Sandra, my wife, who played Garion Cerdic, Priest of Mitra

R.’s wife, KY, wasn’t able to show up tonight, because their child was being extra-fussy. I expect she’ll join us for the next session. She currently has a no-name fighter rolled up.

At the beginning, I handed out Excel based character sheets (I love making character sheets) which had every conceivable number and modifier listed. I know, it goes against the grain of the OSR but some old habits are hard to break.

I had told them I would hand out one-line note cards for backgrounds, but I wasn’t able to finish these before the game began. I did finish sixteen rumor cards, and handed out two to each player, except for the bard, who got five. Most of these were keyed to various local adventure locations, though some were keyed to areas they may never, ever see, like Rappan Athuk or the Dungeons under the City-state of the Invincible Overlord. I also seeded a few duds or red herrings.

Freedrick, the Mage, got a Grimoire with a number of spells. (Note: I am using a variant of the core rule system for mages that is more ‘Vancian’ and less D&D-ish.) Thump, the dwarf, got a warehouse full of goods that she is supposed to set up a trading post with in order to open a new market for the dwarves of Thunderhold, while Garion, the priest, got a Surya (permanent scroll of protection) vs undead and was due to be exiled from the local temple for angering the high priest.

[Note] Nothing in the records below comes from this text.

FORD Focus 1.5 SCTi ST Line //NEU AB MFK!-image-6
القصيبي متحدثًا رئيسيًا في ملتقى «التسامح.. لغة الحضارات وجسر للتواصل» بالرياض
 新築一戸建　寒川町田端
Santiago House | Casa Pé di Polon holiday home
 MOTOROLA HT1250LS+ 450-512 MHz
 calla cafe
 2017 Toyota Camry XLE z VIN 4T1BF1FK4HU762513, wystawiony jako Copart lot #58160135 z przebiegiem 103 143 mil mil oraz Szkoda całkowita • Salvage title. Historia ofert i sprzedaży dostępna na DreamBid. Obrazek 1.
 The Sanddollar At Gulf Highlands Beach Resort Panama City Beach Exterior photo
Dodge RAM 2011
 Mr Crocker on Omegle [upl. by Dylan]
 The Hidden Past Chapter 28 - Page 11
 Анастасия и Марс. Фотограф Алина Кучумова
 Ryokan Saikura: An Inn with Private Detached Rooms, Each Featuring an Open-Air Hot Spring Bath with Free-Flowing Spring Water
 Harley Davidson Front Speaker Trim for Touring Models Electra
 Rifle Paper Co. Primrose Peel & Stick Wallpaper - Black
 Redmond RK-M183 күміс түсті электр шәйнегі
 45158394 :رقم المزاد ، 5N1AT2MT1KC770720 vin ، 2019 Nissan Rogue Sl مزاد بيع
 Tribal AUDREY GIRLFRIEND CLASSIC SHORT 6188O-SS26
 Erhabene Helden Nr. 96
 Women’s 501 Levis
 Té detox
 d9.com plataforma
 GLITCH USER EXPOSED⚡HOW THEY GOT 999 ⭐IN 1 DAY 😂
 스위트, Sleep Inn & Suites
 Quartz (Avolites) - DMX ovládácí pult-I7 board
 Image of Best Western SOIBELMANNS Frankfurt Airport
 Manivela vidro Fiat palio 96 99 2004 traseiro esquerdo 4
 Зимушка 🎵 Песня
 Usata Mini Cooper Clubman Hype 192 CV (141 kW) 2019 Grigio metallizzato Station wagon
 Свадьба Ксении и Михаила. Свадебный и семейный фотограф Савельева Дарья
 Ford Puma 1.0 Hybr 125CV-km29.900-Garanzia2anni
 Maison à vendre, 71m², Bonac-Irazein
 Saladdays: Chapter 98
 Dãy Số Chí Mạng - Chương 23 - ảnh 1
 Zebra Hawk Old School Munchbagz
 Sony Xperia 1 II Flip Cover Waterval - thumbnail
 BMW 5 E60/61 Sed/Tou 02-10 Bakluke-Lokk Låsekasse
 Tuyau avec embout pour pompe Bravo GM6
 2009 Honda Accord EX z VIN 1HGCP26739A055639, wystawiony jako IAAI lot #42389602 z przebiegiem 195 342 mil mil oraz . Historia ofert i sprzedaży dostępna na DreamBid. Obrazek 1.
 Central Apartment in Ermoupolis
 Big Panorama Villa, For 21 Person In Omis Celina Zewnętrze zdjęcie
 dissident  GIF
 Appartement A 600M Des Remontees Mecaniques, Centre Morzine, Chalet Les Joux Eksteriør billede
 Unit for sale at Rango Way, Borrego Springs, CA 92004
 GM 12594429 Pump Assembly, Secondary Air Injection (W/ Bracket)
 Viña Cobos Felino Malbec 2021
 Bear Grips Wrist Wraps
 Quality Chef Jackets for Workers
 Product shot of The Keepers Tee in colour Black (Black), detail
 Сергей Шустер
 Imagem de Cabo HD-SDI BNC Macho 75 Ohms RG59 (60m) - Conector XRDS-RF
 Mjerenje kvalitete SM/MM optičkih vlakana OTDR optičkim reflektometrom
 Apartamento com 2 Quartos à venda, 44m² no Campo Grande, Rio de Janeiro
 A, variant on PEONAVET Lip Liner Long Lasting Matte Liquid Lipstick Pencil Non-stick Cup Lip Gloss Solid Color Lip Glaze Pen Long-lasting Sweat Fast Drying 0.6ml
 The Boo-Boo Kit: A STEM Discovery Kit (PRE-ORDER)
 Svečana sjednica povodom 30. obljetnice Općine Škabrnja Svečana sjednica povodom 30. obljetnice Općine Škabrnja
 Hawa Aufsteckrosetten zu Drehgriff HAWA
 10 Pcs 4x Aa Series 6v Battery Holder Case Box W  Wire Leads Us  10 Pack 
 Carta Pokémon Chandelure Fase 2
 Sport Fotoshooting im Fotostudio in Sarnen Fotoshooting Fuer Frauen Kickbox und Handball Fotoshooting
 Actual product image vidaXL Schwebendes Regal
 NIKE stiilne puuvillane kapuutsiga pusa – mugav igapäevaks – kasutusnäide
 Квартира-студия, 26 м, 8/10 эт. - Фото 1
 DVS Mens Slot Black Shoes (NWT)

Finally, Thaddeus did not get much besides the burning desire to leave the Podunk town he was born in, as well as the access to the Bard character class which people tell me is waaay too powerful. Haven’t seen it yet.

After some discussion of the campaign background, I handed them a blank Wilderlands City-state map, and hand-drawn Grand Tactical map of hex 4015, which contained the village of Brushwood, as well as the surrounding area.

So they knew a little of the surrounding area, but I still need to write up the half page handout for both the Wilderlands and Brushwood.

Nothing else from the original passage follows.